Why more healthcare providers are outsourcing their information technology to medical IT companies
Currently, Merit-Based Incentive Payments Systems (MIPS) is the Center for Medicare and Medicaid Services’ (CMS) largest value-based care payment program and has been instrumental in turning the healthcare industry from a fee-for-service to pay-for-value.
During 2017 and 2018, the following clinicians were subject to MIPS: MD/DO and DMD/DDS physicians, nurse practitioner, clinical nurse specialists, and certified registered nurse anesthetists. In 2019, that list has expanded to include the likes of physical and occupational therapists, speech-language pathologists, audiologists, clinical psychologists and registered dietitians.
So, how does MIPS actually work, and how are healthcare providers adapting to the requirements of the system?
Without getting too in-depth, MIPS looks at multiple factors when deciding a clinician’s score. For example, quality and cost make up 45 and 15 percent respectively of the overall score.
While this type of payment system does help ensure that patients are being charged fairly, it is placing more constraints on hospitals and other healthcare facilities for keeping track of all these different measurements and data which is needed to calculate MIPS scores. Along with this, there are MIPS data submission and audit requirements from the CMS.

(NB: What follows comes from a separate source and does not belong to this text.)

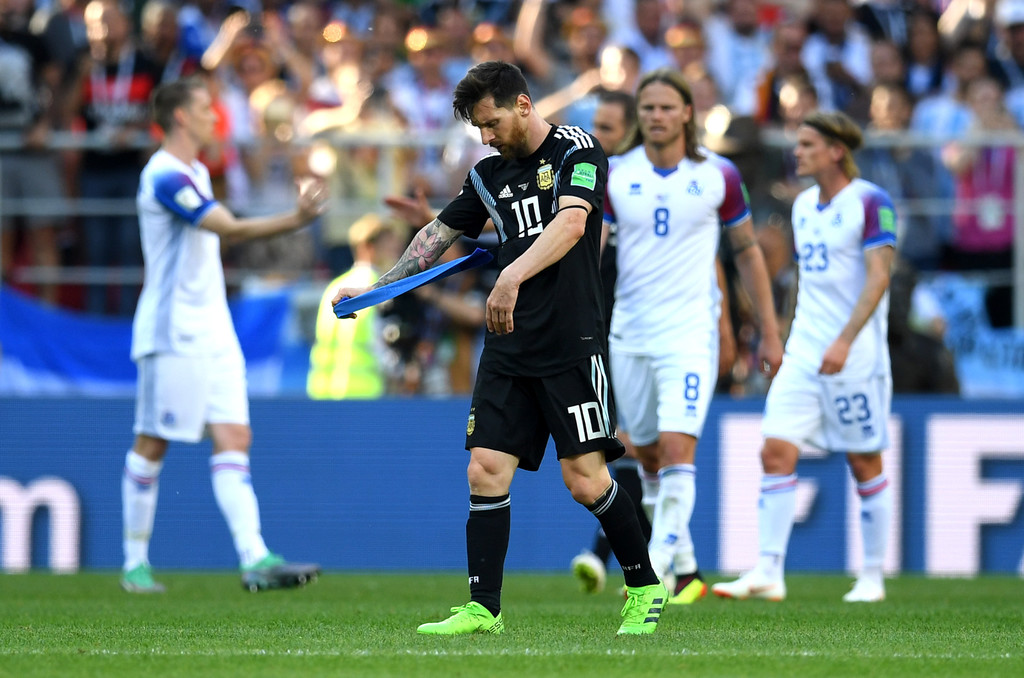 Un muy "humano" Messi, lidera el decepcionante debut de Argentina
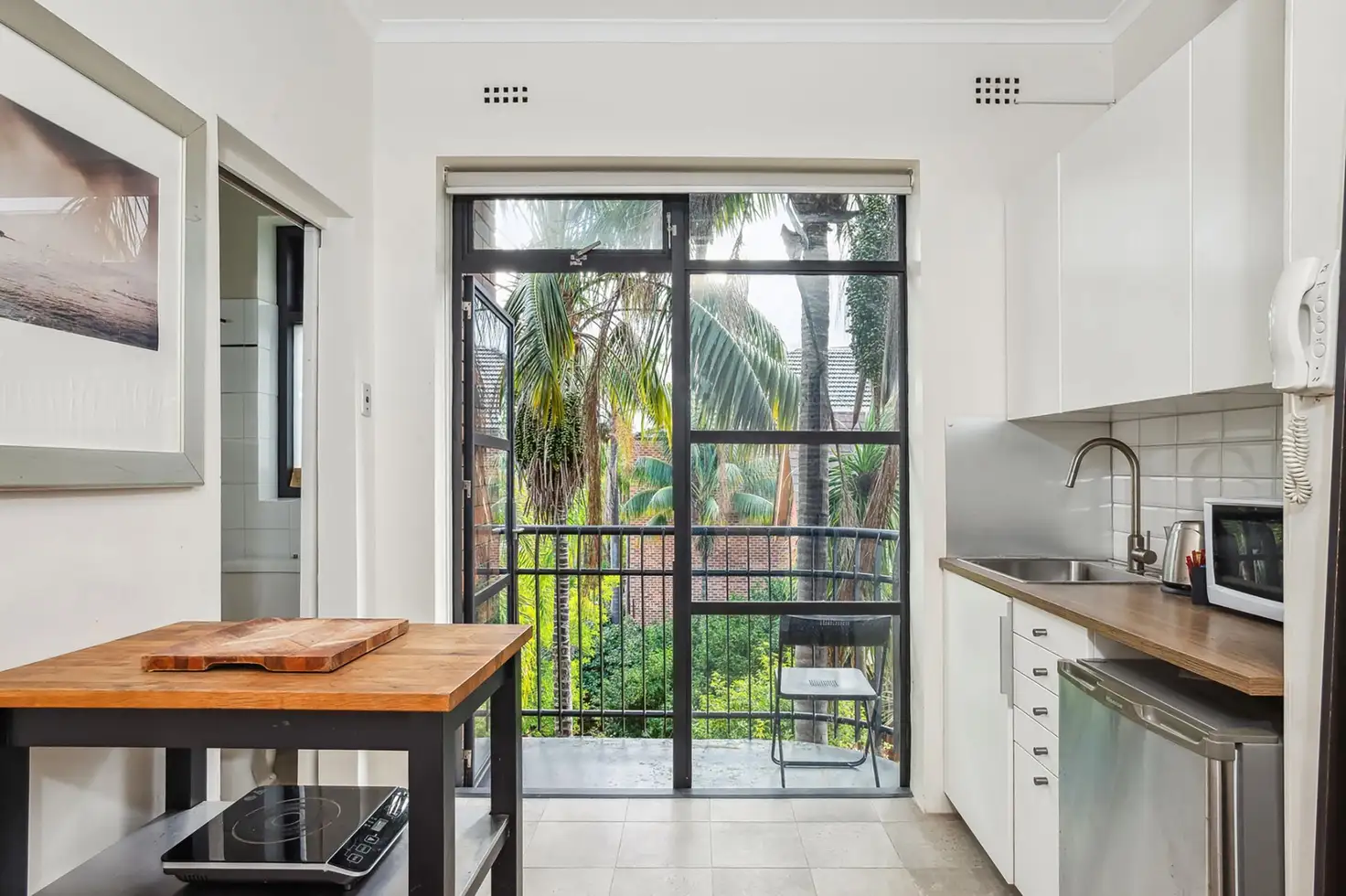 Main view of Homely studio listing, 19/10 Challis Avenue, Potts Point NSW 2011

“While most healthcare professionals agree that MIPS is a fair and smart payment system, it can be a handful to make sure that you are keeping up with the requirements that are necessary for the system”, says Chris Jann, CEO and Founder of Medicus IT, a healthcare information technology company, “We offer solutions that effectively address the need for these data submissions and allow our clients to focus on providing excellent care while we take care of the details,” continues Jann.
For reasons like the introduction of new payment systems, it makes sense for healthcare providers to outsource their IT. There are constant changes in healthcare regulatory laws (such as MIPS), and the industry overall now demands healthcare institutions to be more IT-savvy. As the venture capitalist and CEO of Google Ventures, Bill Maris, once said, with the passing of every year, it seems as though healthcare is becoming more and more a part of information technology.
The healthcare providers and institutions that are teaming up with capable and experienced medical IT companies are positioning themselves for success for years to come.